— Problem details —
If a picture appears in the records below, drop it, and reproduce everything else exactly.

— Material supplied —
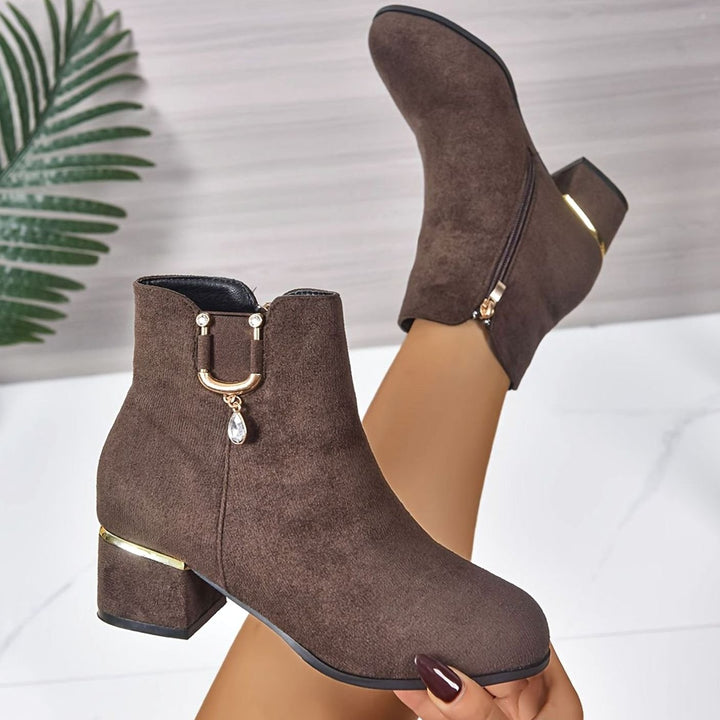 Women's Faux-Suede Block-Heel Side-Zip Ankle Boots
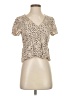 Urban Romantics 100% Rayon Animal Print Tan Short Sleeve Top Size S - photo 1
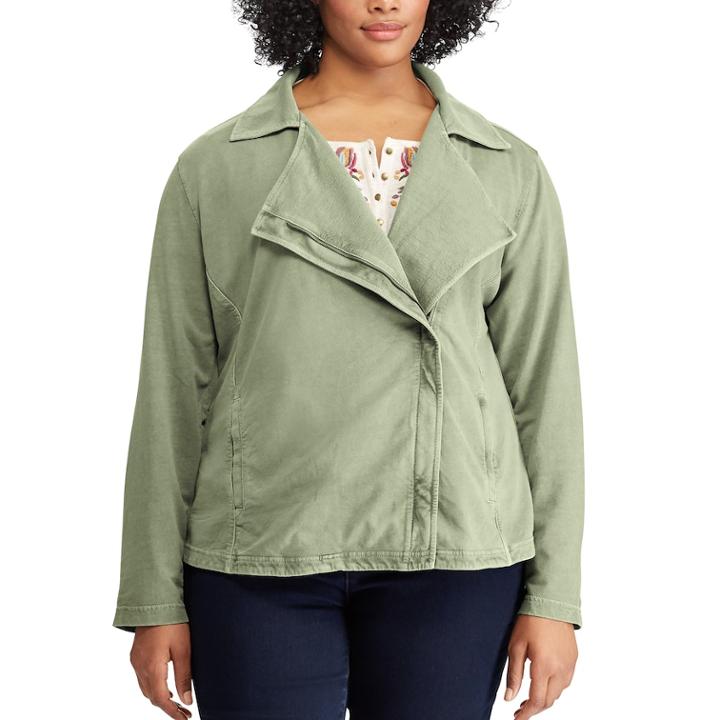 Plus Size Chaps French Terry Moto Jacket, Women's, Size: 1xl, Green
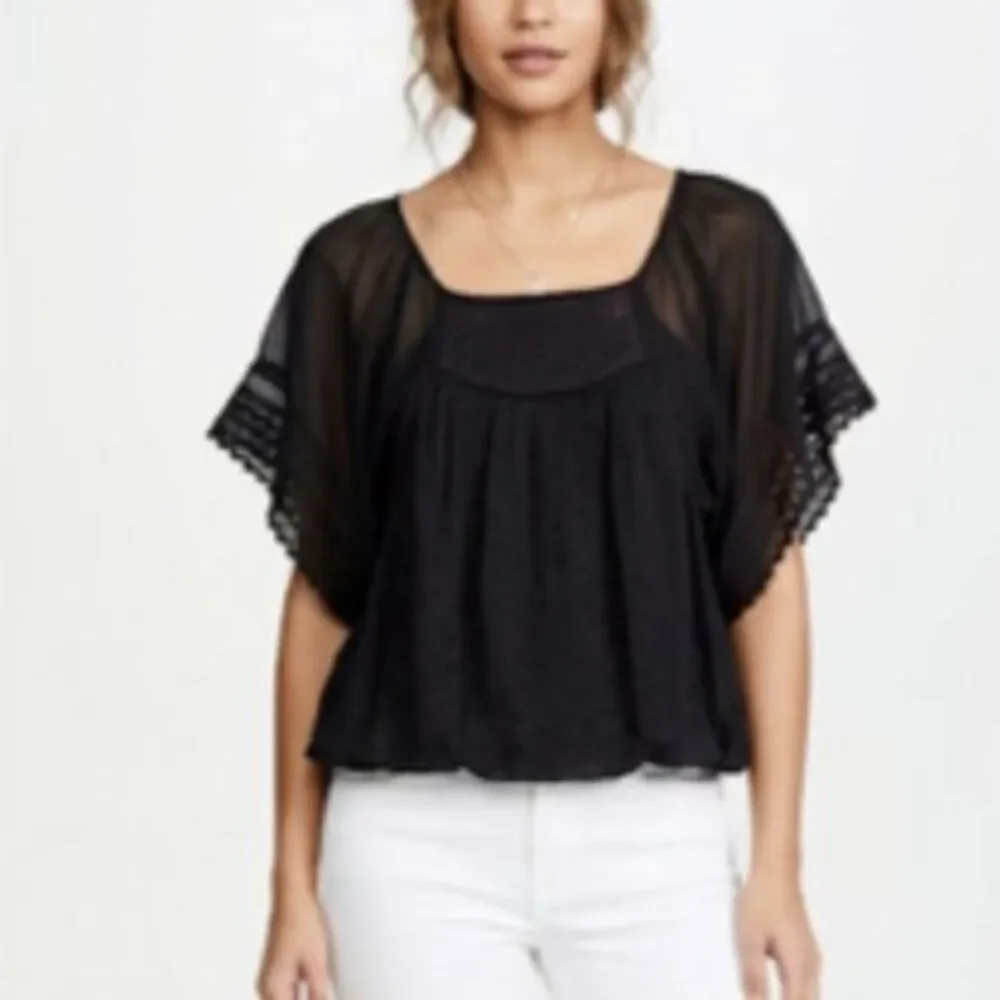 Free People Black Sheer Embroidered Lacy Short Batwing Sleeve Top Size S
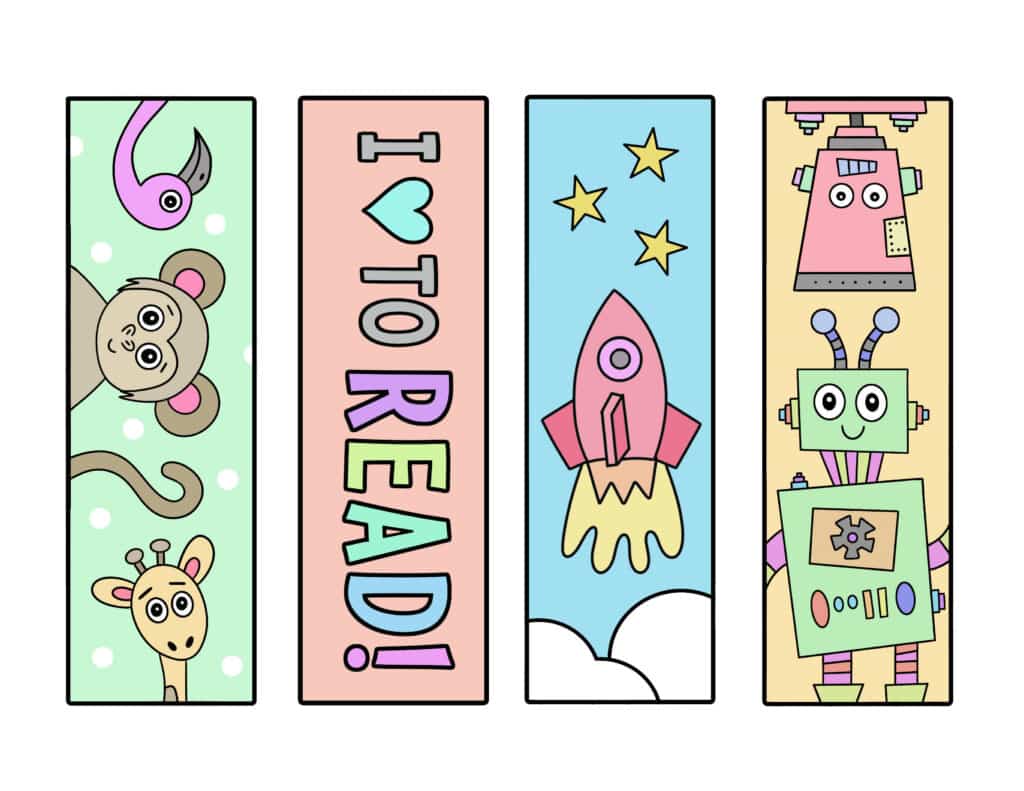 Preschool Bookmarks: animals, rocket ship, robots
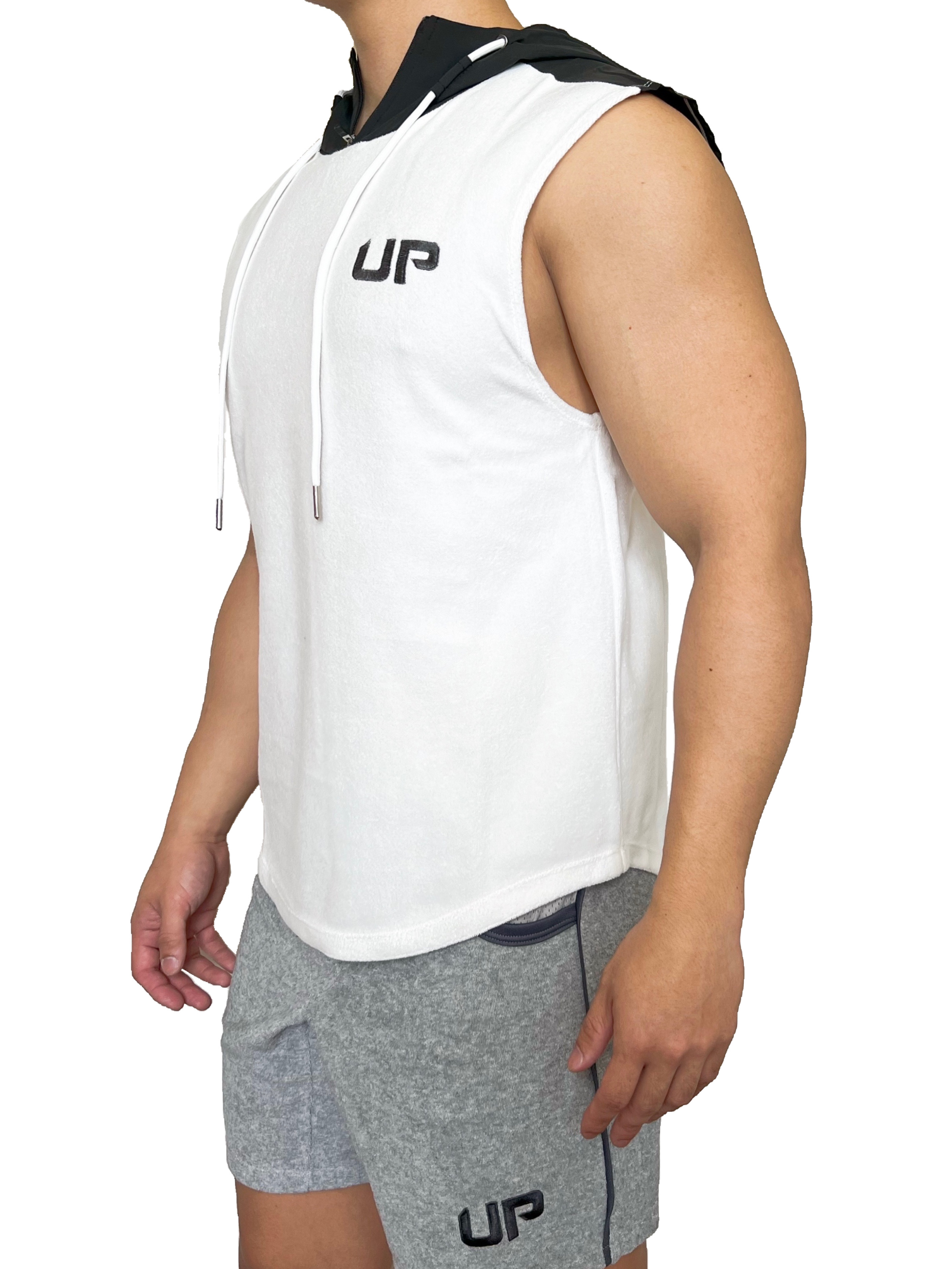 Taoru Trail 毛巾連帽背心 霧白色/黑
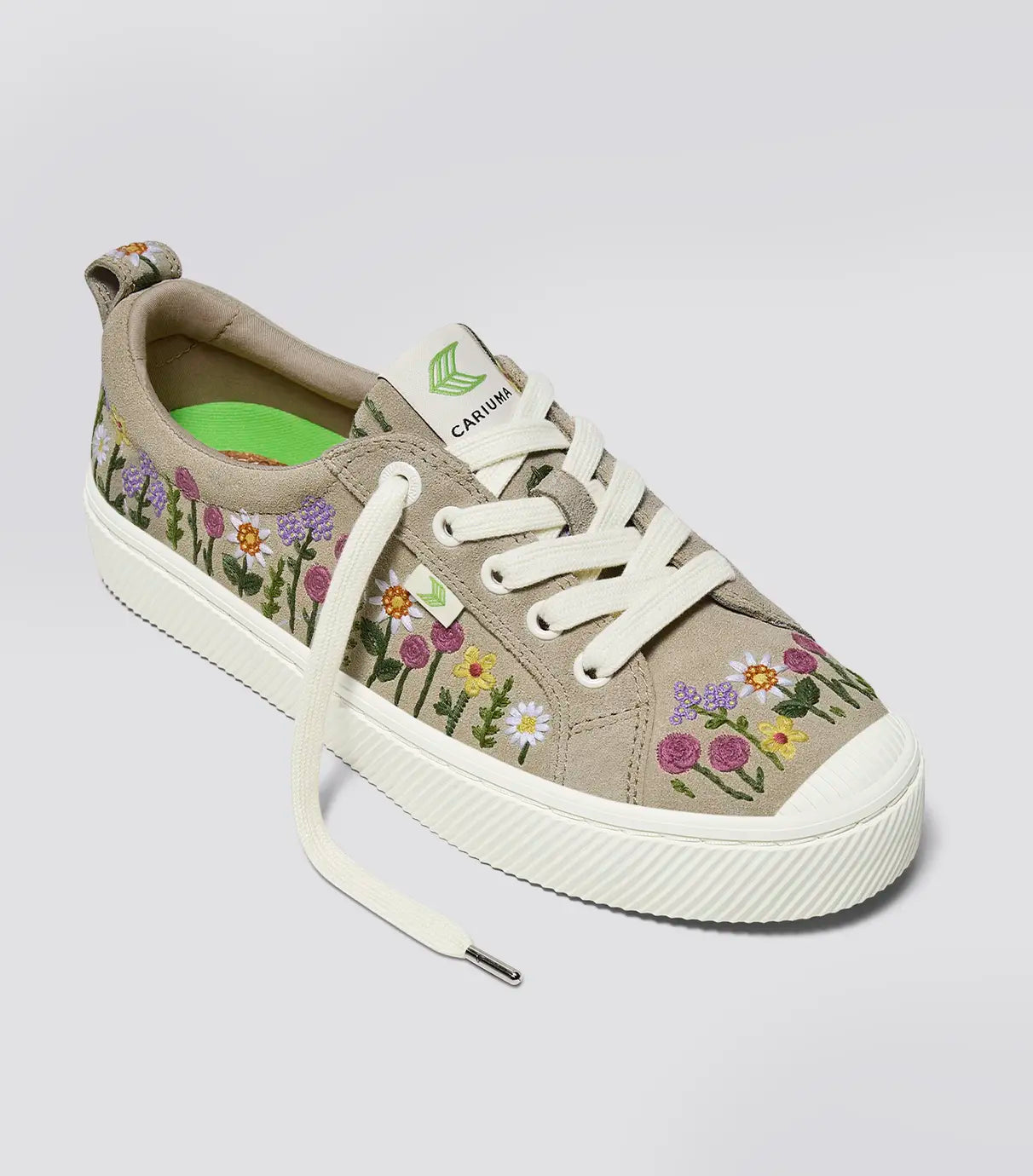OCA Low Sand Suede Embroidered Flowers Sneaker Women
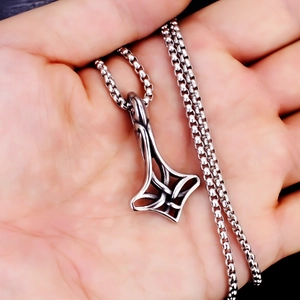Wikinger Anhänger Halskette Für Herren Edelstahl Legierung Keltischer Knoten Totenkopf Axt Nordische Mythologie Vintage Punk Schmuck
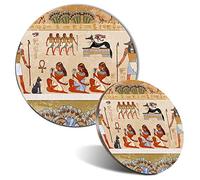 Mouse Mat & Coaster Set - Egyptian Hieroglyphs Art 20 cm & 9 cm for Computer & Laptop, Office, Non-slip Base #14227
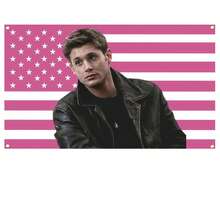 3x5 Ft Jensen Ackles Pink American Flag Tapestry With 2 Metal Rings, Suitable For Bedroom, Living Room, Dorm Decor - Multicolor - View 7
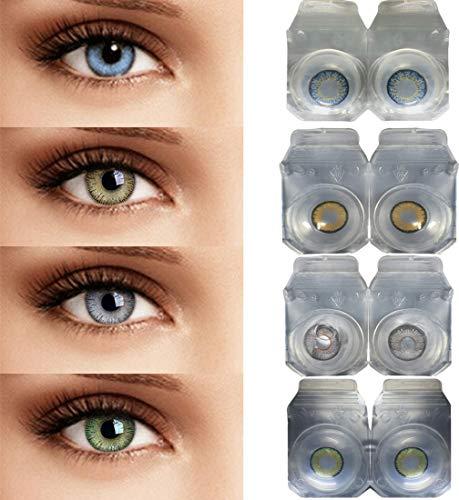 SOFT EYE Soft Eye 4 Pair Monthly Colored Blue Hazel Green Grey Contact Lenses for Eye Men and Women 1 Lens Storage Box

— Answer to the exercise —
 Women's Faux-Suede Block-Heel Side-Zip Ankle Boots
 Urban Romantics 100% Rayon Animal Print Tan Short Sleeve Top Size S - photo 1
 Plus Size Chaps French Terry Moto Jacket, Women's, Size: 1xl, Green
 Free People Black Sheer Embroidered Lacy Short Batwing Sleeve Top Size S
 Preschool Bookmarks: animals, rocket ship, robots
 Taoru Trail 毛巾連帽背心 霧白色/黑
OCA Low Sand Suede Embroidered Flowers Sneaker Women
Wikinger Anhänger Halskette Für Herren Edelstahl Legierung Keltischer Knoten Totenkopf Axt Nordische Mythologie Vintage Punk Schmuck
 Mouse Mat & Coaster Set - Egyptian Hieroglyphs Art 20 cm & 9 cm for Computer & Laptop, Office, Non-slip Base #14227
 3x5 Ft Jensen Ackles Pink American Flag Tapestry With 2 Metal Rings, Suitable For Bedroom, Living Room, Dorm Decor - Multicolor - View 7
 SOFT EYE Soft Eye 4 Pair Monthly Colored Blue Hazel Green Grey Contact Lenses for Eye Men and Women 1 Lens Storage Box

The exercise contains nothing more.